Stage 3 of Parenting: The Counselor

Part three of a six-part series on stage-based parenting. We talked about the comforter stage, the coach stage. Today, we’re going to talk about the counselor stage, so this is ages 12 to 17. These are kind of the teen years that a lot of people dread, but this is a great stage for parenting. It’s just a little more complicated.

What’s happening in this stage is that kids, oftentimes they are becoming a lot more complicated. So you have used maybe systems in the previous stage and then you’re noticing that because children in this stage think more abstractly, they can see things from multiple perspectives, they become much more self-conscious, they begin to resist some of the kind of really clear trainings. It’ll look like they’re reverting, but what’s happening oftentimes in this stage is they are beginning the journey of making these beliefs and practices their own, as opposed to just responding to your systems or your thoughts. That’s not a bad thing, but it can be a challenge, for sure.

So we call the style of the stage low control-high accountability. What you want to do is give your children enough leash in this stage to make a lot of decisions, but check in with them in very sort of heart-based moments in order to be counseling their heart. That’s really what’s happening. You’re trying to win their heart. That’s the goal of this stage. So you’re allowing their experiences in life to really drive them to deeper wisdom, better understanding of who God is, why the gospel matters and a deeper relationship, ultimately with you as well. So in order to do that, you have to have those heart-to-hearts.

Our favorite tool for this stage is the one-on-one. So what you want to do is if your children have had lots of experiences over the week that maybe you haven’t seen or been fully a part of, oftentimes what’s happening is the deepest things that are happening to your child are happening in your child. They’re like internal. So if you’re not having deep conversations, you don’t actually know what’s going on, even if you’re around them a lot, because a lot of that’s happening, they’re on an internal journey.

So you want to be present during that journey, but it requires you to have a heart relationship with your children and to have just time and space for those deep conversations. Then you can’t hold them accountable, but you want to make sure that you’re not doing that in a micromanaging way in the moment. You want to check in with them, like I said, periodically, and you can do that at the end of the day. Then as they’re getting older, couple times a week, and then maybe towards the end of this stage, it’s better to do it once or twice a week.

That’s in these kinds of deep moments where their heart can really come out. Instead of just coming down on them or trying to create systems to enforce things, which you really want to do, you want to have some of those things, but you really want to make sure that nothing is stopping the kind of heart conversations that you need to have with your children during this stage.

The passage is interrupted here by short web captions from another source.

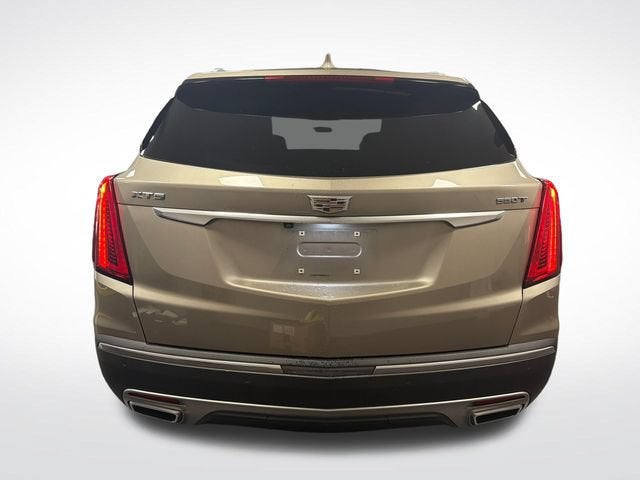 2022 Cadillac XT5 FWD Premium Luxury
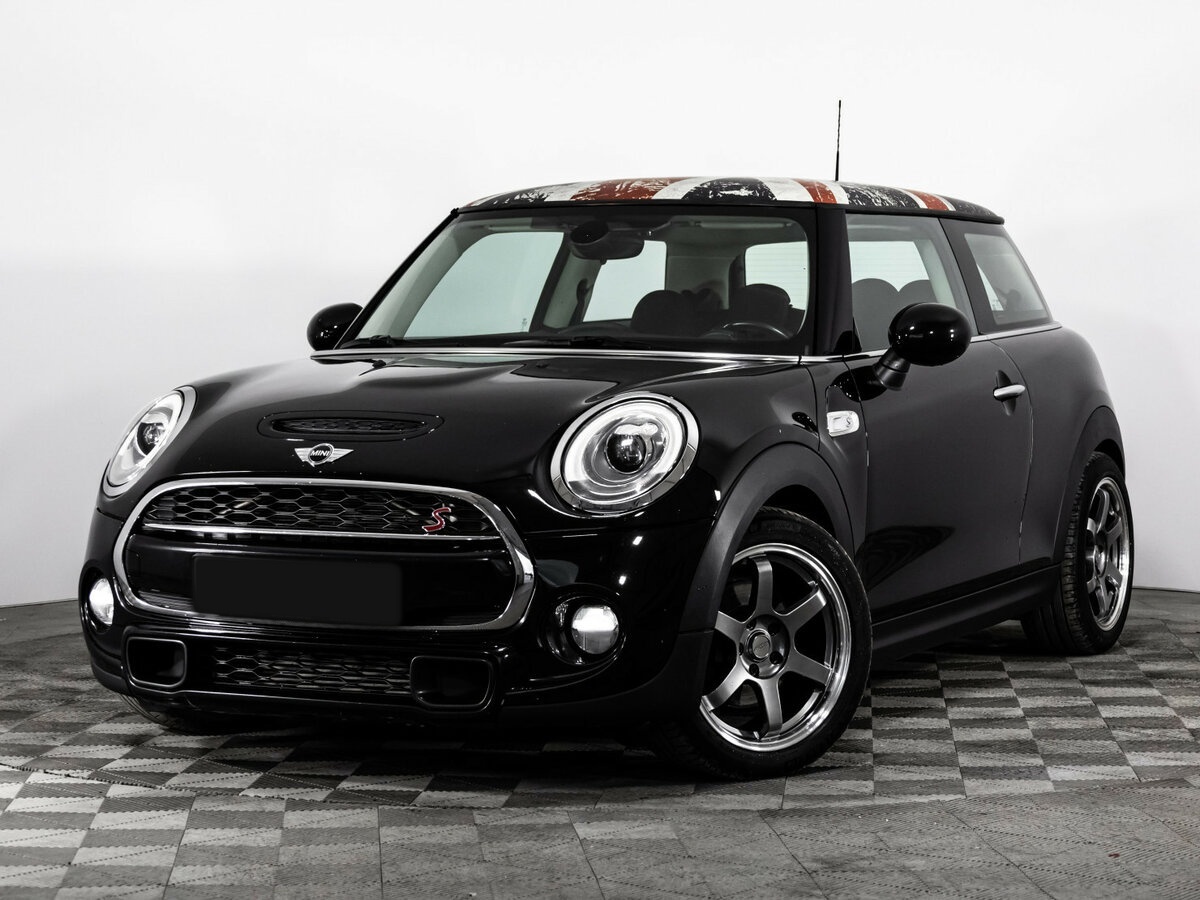 Mini Hatch с пробегом — 2015 год. Фото: #0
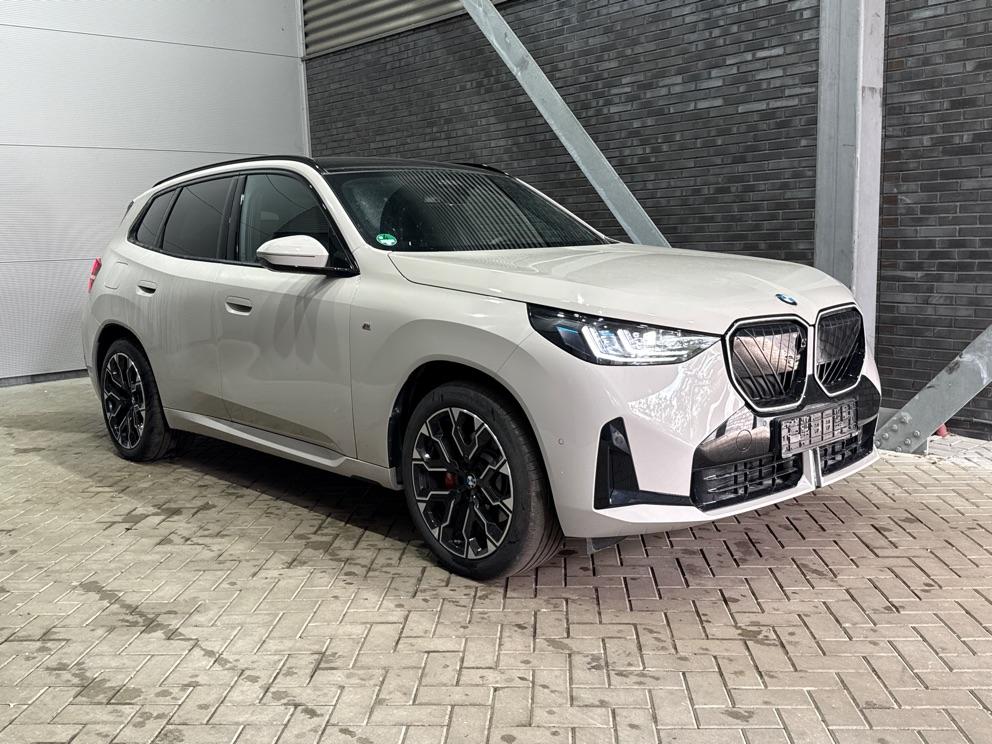 BMW X3 30e xDrive | M-Sport Pro | Trekhaak | Panoramadak | Head-up | ACC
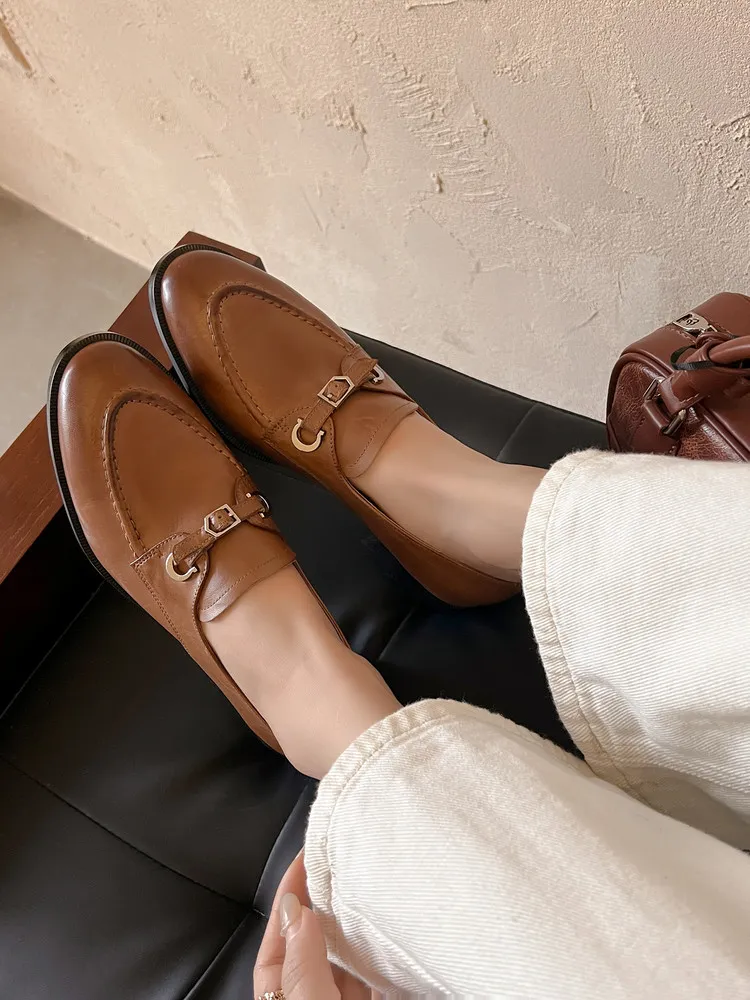 Spring round-toe chunky heel low-heel slip-on single shoes, cowhide, comfortable and simple, one-piece leather shoes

Then in the midst of those, in the softest moments, you can weave the gospel in there.

One really big watch-out during this stage is not to use the scriptures, the Bible, the gospel as a hammer. That doesn’t tend to go well for kids. It’s really, really powerful when you use the gospel scripture in those moments where they’re soft and their heart is connected to you so that it’s associated with what… They’re open to it. And they really see the love of God and the grace of God and not just feeling the judgment that they might be feeling during this phase. But, yeah, Jeff, what are your thoughts? I know you’ve thought a lot about this phase.

Yeah. I mean, no thoughts on the sense of expertise. I have no idea. We’ll see in a decade, hopefully, we get through it.

The only thing I would say, and then I’m even writing with me, I’ll think about it because I’m writing it in the next book right now and we talk about this a lot is the Hold Onto Your Kids book. This is when the attachment, you’re kind of bearing the fruit of the attachment you built and so make sure to bear the fruit.

Another way to put it, too, is the thing you have to, the absolute landmine you have to watch out for in the teen years is teams switching, right?


Don’t let them switch attachment teams. One of the best analogies and I’m putting this in my book so spoiler alert, you’ll read it if you get it later. But is that that book, to use that example that I’ll never forget if they were like, what we treat as normal in teens because we’re so teen peer-attached that it is normal, like them hating the parent, them all of a sudden changing overnight into just bitter and wanting to hide out in their room and just angsty and secretive. We treat that as normal and then basically the author just goes, “Would you ever, ever assume that that’s normal if that happened in your marriage? If a spouse just instantly overnight turned bitter, secretive?” The author goes, “What would you immediately think? You would think there’s an affair happening and there probably is.”

So they call it an attachment affair. When you see a teen do that, it’s called an attachment affair. I just think that’s brilliant, profound language that that’s the landmine you have to be looking out for in this stage that I think Jeremy just gave all the solutions to, to kind of hold the relationship tight, hold the heart tight and really lean into that because that’s what happens. If you’re not pursuing their heart, then they’ll give their heart to someone else or another identity is essentially what they’re doing. So, yeah, that’s just the watch-out thing, I think, that we have to be more sensitive to.